*Requirement:* When writing out the entries below, keep only the lines from the line with "傳七すし 白梅町店 - 赤貝 紅とろ" to the line with "Slidell House |", both included, exactly as they are, and leave the pictures aside.

*Data for processing:*
:::::

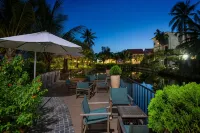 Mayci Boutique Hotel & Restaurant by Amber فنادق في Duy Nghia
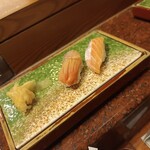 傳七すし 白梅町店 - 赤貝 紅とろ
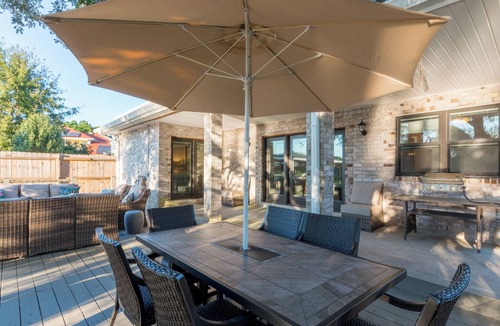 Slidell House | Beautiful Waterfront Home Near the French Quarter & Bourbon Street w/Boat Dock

:::::

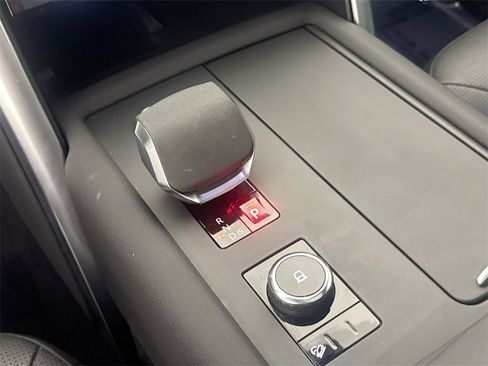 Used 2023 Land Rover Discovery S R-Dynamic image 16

:::::

*Response box:*
 傳七すし 白梅町店 - 赤貝 紅とろ
 Slidell House | Beautiful Waterfront Home Near the French Quarter & Bourbon Street w/Boat Dock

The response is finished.